Contents

R, RStudio, and the tidyverse for Geocomputing

Contents

R, RStudio, and the tidyverse for Geocomputing

As a geoscientist who switched from mostly typing code in Python to mostly typing code in R three years ago, it seems to me that R, particularly when combined with RStudio and the tidyverse, is an underutilized resource in the geological community. I switched from Python to R because I needed to make a plot for my M.Sc. thesis that somebody had figured out in R already, but three years later I type more R code than anything else. Here are a few reasons why:

  1. RStudio is the best development environment I have ever used. I have tried many IDEs for Python, R, and other languages, but none of them seem to be as simple and elegant as RStudio. Jupyter, Rodeo, PyCharm and Spyder all do some of the things that I need to do (data analysis, generating documents/figures, and building software tools), but RStudio does all of the things that I need to do, provided that I’m writing mostly R code. Development environments are certainly a matter of preference, and RStudio is definitely centered around R, but if RStudio existed for Python three years ago, there is a good chance I never would have switched.

  1. R was built for data. Independent of RStudio and the tidyverse, R was built to natively handle categorical variables and missing values for all data types. While it is possible to use pandas to do some of this in Python, I am constantly annoyed when I have to work in Python with data that contains incomplete observations or categorical variables that have a natural order.

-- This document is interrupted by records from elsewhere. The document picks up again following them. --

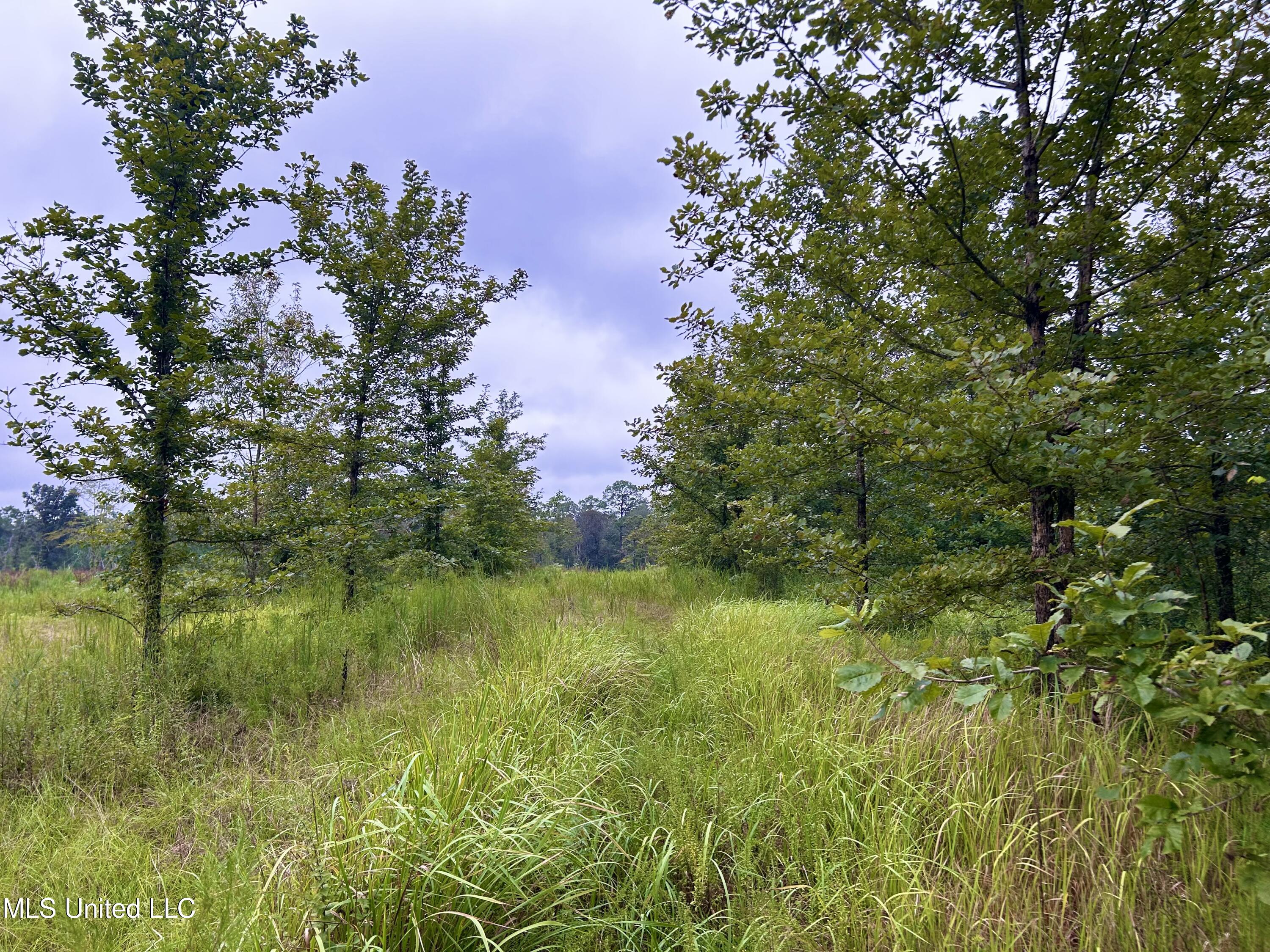 0 Campground Road Vancleave, MS 39565 - Photo 3 of 25 IMG_1043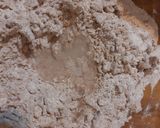 Foto del paso 2 de la receta: Pan de ajo Integral (sin levadura)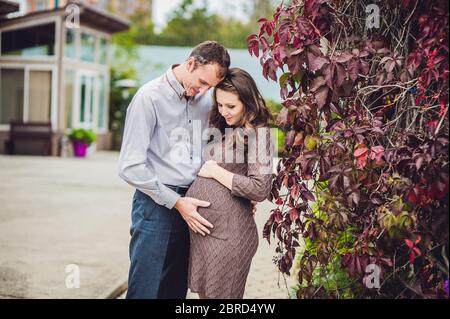 Eine schwangere junge Frau und ihr Mann. Eine glückliche Familie, die an der roten Herbsthecke steht, den Bauch hält. Schwangere Frau, die sich im Park entspannt. Stockfoto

  1. R has the tidyverse. The tidyverse is a collection of packages for R that ameliorate the sometimes haphazard and inconsistent nature of many base R functions. The tidyverse provides tools for data wrangling (dplyr, tidyr, and readr, which are like pandas in Python), tools for data communication (ggplot2 and RMarkdown, which are like matplotlib and the export feature of Jupyter Notebooks, respectively), and tools for building other R packages (devtools). The tidyverse is maintained by the same people who maintain RStudio, and combined, they make R an end-to-end solution for data analysis. I now write articles and reports using RMarkdown, which embeds R code within documents, create figures using ggplot2, and do data wrangling with dplyr and tidyr. Parts of this I can do using Jupyter Notebooks, pandas, and matplotlib, but the completeness of the tidyverse is impressive: I can add a few line breaks to the word processor output of RMarkdown, and the article is ready for submission.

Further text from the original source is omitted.